What are the Legal Limitations of Drones?
What is Part 107?
As of August 2016 the Official Rules and Regulations (Part 107) from the Federal Aviation Administration are in affect and they are AWESOME! The FAA was only 3 years behind schedule from the original estimates, but we have them now! They require every commercially operating drone pilot to go through training and pass a federal test to be a licensed drone pilot. It also mandates drone registration for all drones (even personal drones above 0.55lbs) and also clarifies operating rules. Read more about Part 107 here.
More on Drone Registration
The registration requirement applies to all drones operated commercially or for fun weighing more than 0.55lbs but less than 55lbs. This is similar to gun registration where incidents of misuse can be traced back to the original owner. Good or Bad? Adding a level of accountability is good for accidents and to ease public concerns, but it doesn't stop someone from intentionally doing something illegal as is the problem with guns. That being said, It's very easy to register and there's no fee so I think it's great. And maybe it will cut down on the amount of "buy and fly" people out there who don't do proper training before crashing into downtown Manhattan buildings (watch below). To see a better comparison of commercial and for fun rules go here.
What is Pertinent Need to Know?
There's a few things you should know to better be prepared for any upcoming operation:
- Night flying is not allowed (30min before and after sunrise/sunset is allowed)
- Operating over 400ft above ground level is not allowed unless you are within 400ft of a building (then 400ft above the building height)

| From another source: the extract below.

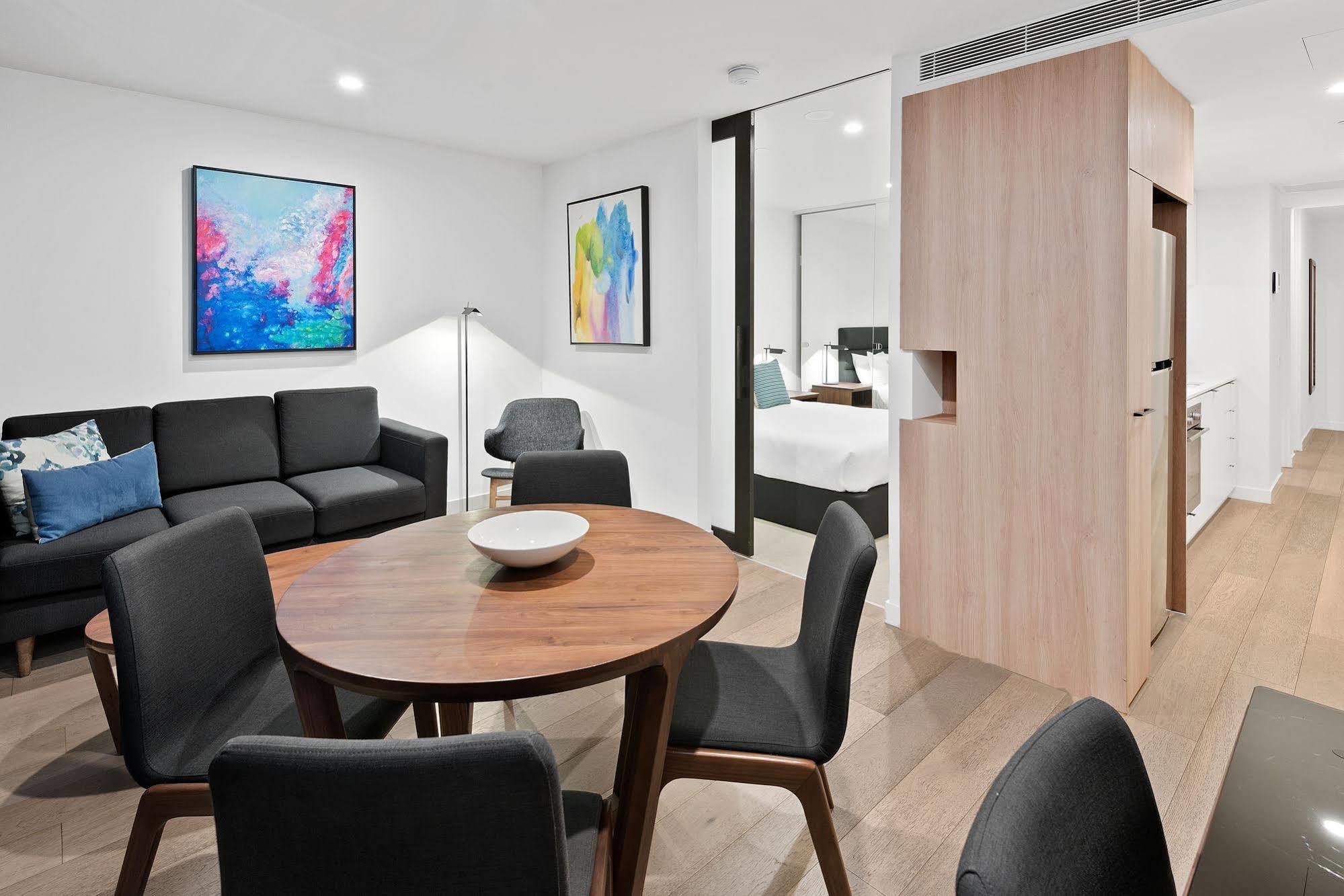 District South Yarra Aparthotel Мелбърн Екстериор снимка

- 5mi around any airport is a no fly zone
- The drone must be in Line-Of-Sight at all times. Visible to the naked eye
That being stated, most of the above rules can be waived by the FAA by applying for a Certificate of Waiver (COA) authorization if it can be shown the operation can still be completed safely. More about COA's here. This process can take up to 90 days so it must be done well in advance. Login to the FAA's website to apply for a COA, or create a new account to start your COA. Also, operations around airports can be permitted by contacting the Airport's Traffic Controller directly and asking for permission.